Karen and I moved up to Rochester in the summer of ’72. I found it was a real rush to be in a department that was part of the big redefinition of finance that was taking place at that time. I learned a lot from my colleagues and endeavored to think Great Thoughts. Meanwhile, on the personal front, things weren’t going quite so well. Rochester academic life can be fun, but it’s rather inbred. Some of my friends’ marriages started to fall apart and cracks developed in ours. It was a rough time to be married – we were supposed to be free from the constraints of the old order, but we didn’t have a clear vision of the new order. There were also some serious disadvantages in living in Rochester, where the sun shines so seldom in the winter that the local papers publish photographs of it. (“Rochester man sees strange glow in sky! Pictures on page 10!”) In 1976, we moved again, this time to Washington DC for me to take a job as an economist working for the Federal Reserve Board. Although this was initially to be a one-year temporary job, I decided I liked it better than academe and quit U of R.
Karen and I split up after the first two years in DC. We were able to keep it reasonably amicable, seeing as we didn’t have a lot of stuff and, most importantly, no kids. The last I heard, she was working at one of the Smithsonian museums and had remarried. About nine months after my separation, I started dating Louise Lynch, who was sharing an apartment with a colleague of mine at the Fed. Louise grew up in Chicago and so I decided she’d fall for my ‘mountain man’ persona. I dragged her off on backpacking trips to New Hampshire and Wyoming and, sure enough, we hit it off and got married in 1982, as Louise was finishing off a law degree at Yale. Louise and I have now been married for almost 20 years and have two girls: Madeline, age 13 and Antonia (‘Toni’), age 11. Although I initially resisted having kids, I soon realized the folly of standing in the path of an express train, so I signed on as a Daddy – and, somewhat to my surprise, found that this has been the path to true spiritual fulfillment. (Yes, I know – a declaration that is both corny and mandatory, but true nevertheless.)

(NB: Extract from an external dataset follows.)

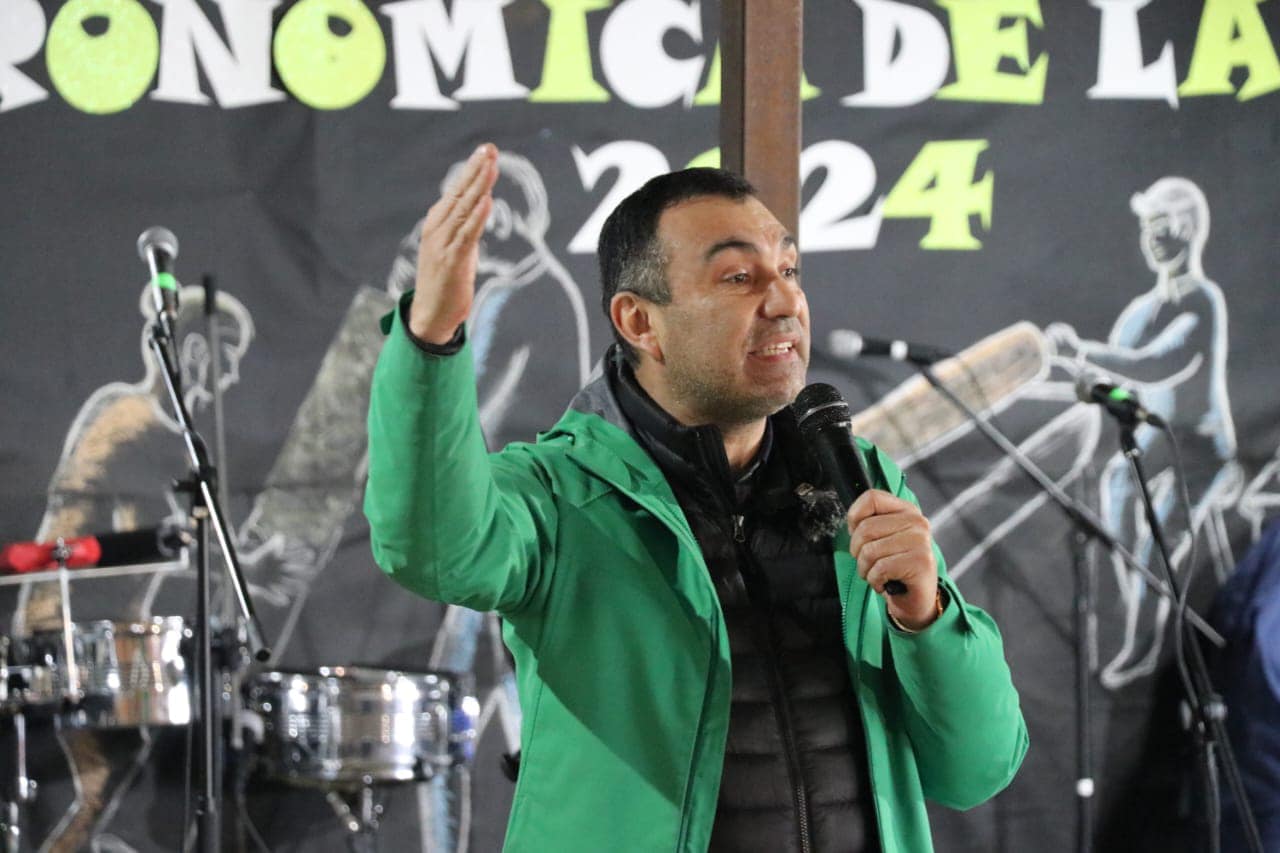 Lee más sobre el artículo Carabineros desmiente cifras del alcalde de Castro sobre resolución de delitos con imágenes de cámaras municipales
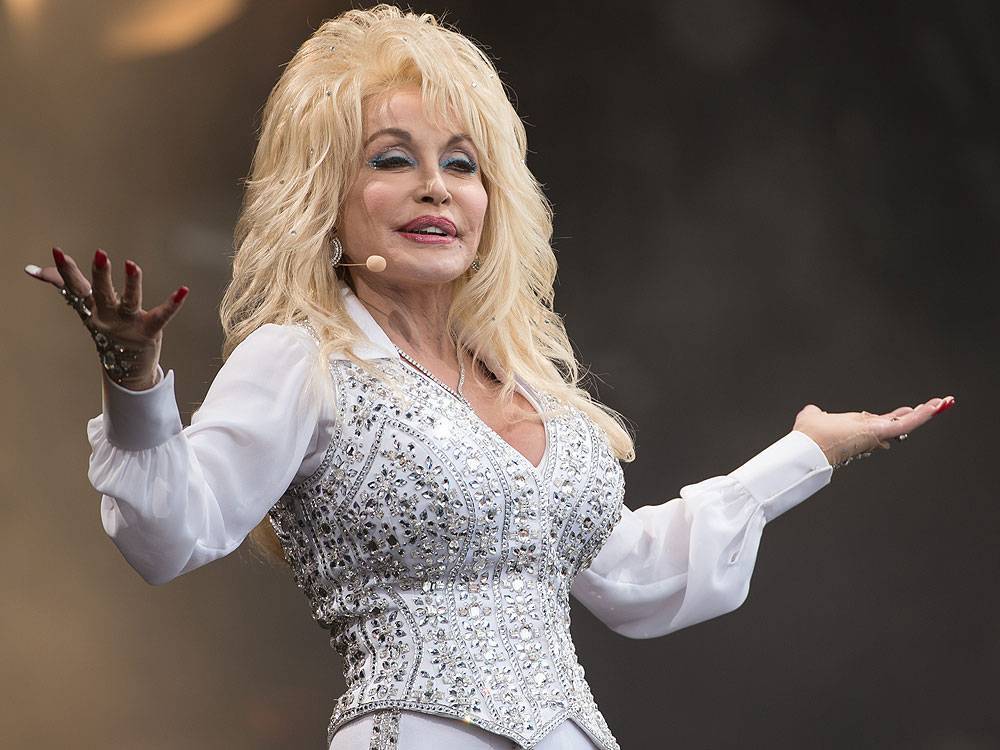 Dolly Parton: Coronavirus is a 'lesson' from God - torontosun.com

My career has continued to evolve, although not really because of any master plan of mine. I left the Fed in 1986 to direct the research department at Freddie Mac, one of the quasi-governmental corporations tasked to provide support to the US housing market by providing a secondary market in residential mortgages. In 1991, I moved again – of all things, back to New York City. I know – it’s too dirty, too dangerous, too expensive, etc, but – hey! It’s New York! I began to work for The Trepp Group, a company specializing in providing data and software for analyzing mortgage securities and owned by Richard Trepp, a successful New York business man and hiking buddy. The focus of his businesses has been the commercial mortgage sector and I worked for a number of enterprises connected with him and commercial mortgages - most recently, for Madison Real Estate Technologies, a company creating software to manage the origination and packaging of commercial mortgage loans. This company was sold at the end of 2000 and I switched to consulting work in 2001. In the fall, I hooked up with two former Madison colleagues to create a package of Web-enabled management reports for banks needing to report on the credit risk of their commercial real estate loans.

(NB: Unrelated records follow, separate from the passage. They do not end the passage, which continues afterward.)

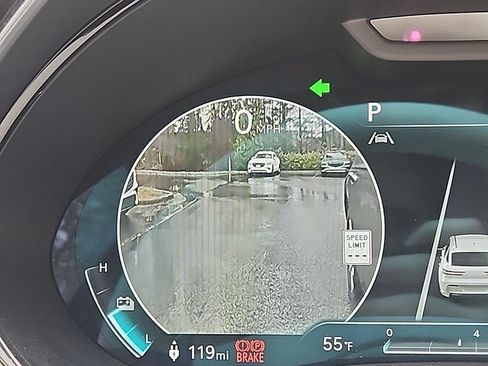 Used 2025 Genesis Electrified GV70 Prestige w/ Prestige Package image 12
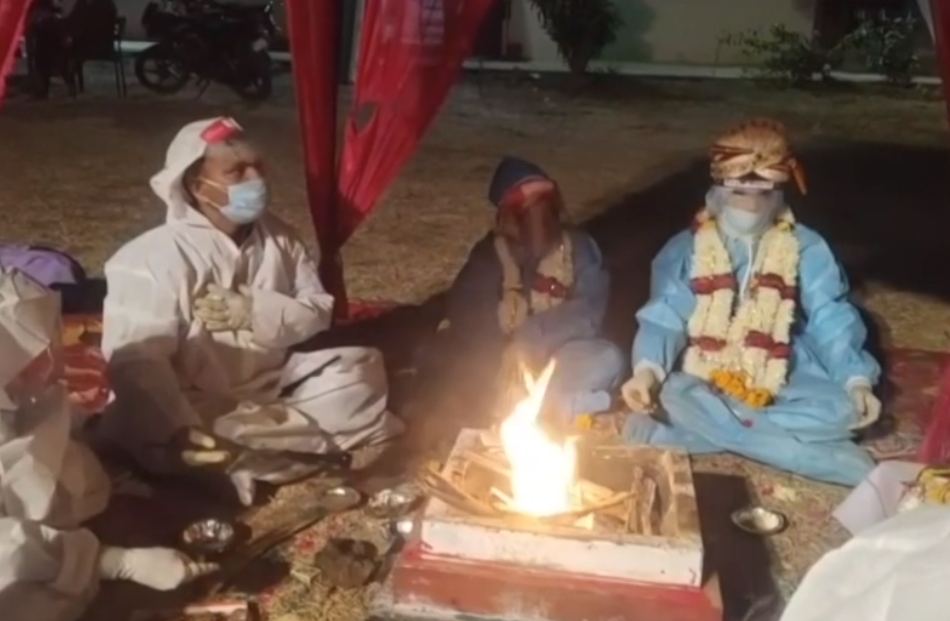 Imagini virale. Doi tineri s-au căsătorit în echipamente de protecție după ce mireasa s-a infectat cu coronavirus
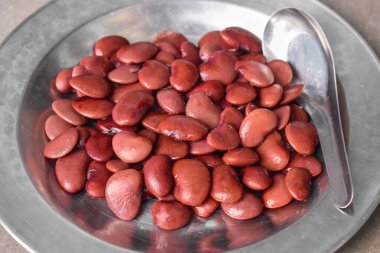 Haşlanmış fasulye. Protein zengini yiyecekler. Sağlıklı diyet menüsü. Yakın görünüm.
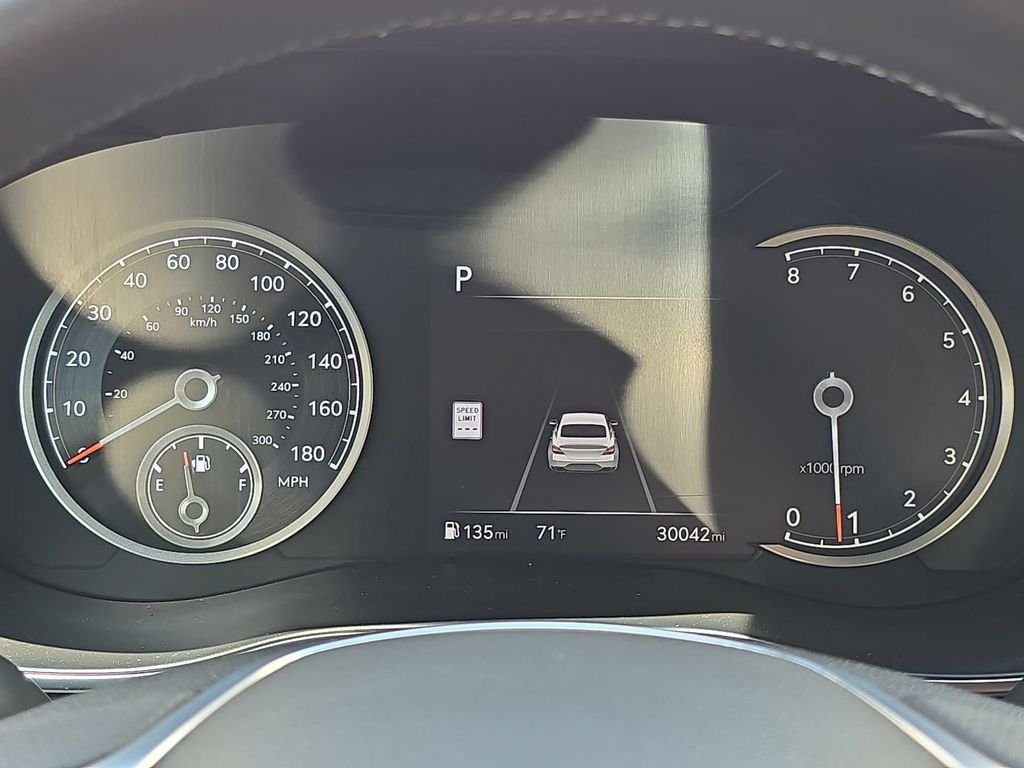 2025 GENESIS G70 Standard - Photo 16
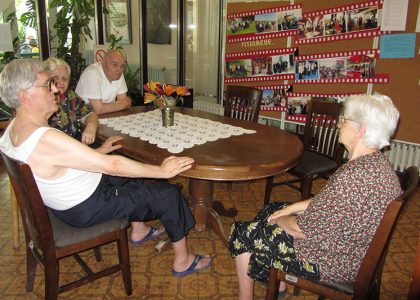 Preporuke starijima, njihovim srodnicima i komšijama u vezi sa korona virusom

New York seems to have mellowed since my first gig here. Of course, I now rely on a more powerful shield against its evils – money. We live in Larchmont, a half-hour train ride north-east of the city, where the police blotter is full of dastardly crimes such as wives illegally stopping cars on the bridge by the train station to drop off their husbands, and the use of leaf blowers during prohibited hours. Our property taxes are now more than the gross national product of several African countries, but the schools are great. New York City itself is definitely more pleasant than it was earlier – the streets cleaner, the panhandlers gone. But I don’t know how much longer we’ll stay – I always have the feeling that I can only live here so long as I am prepared to work my butt off to pay the bills and my enthusiasm for doing this seems to be waning with my advancing years. I’d rather be traveling with the family or reading a book or, my most recent passion, rock climbing. So expect my next dispatch from the Rocky Mountains.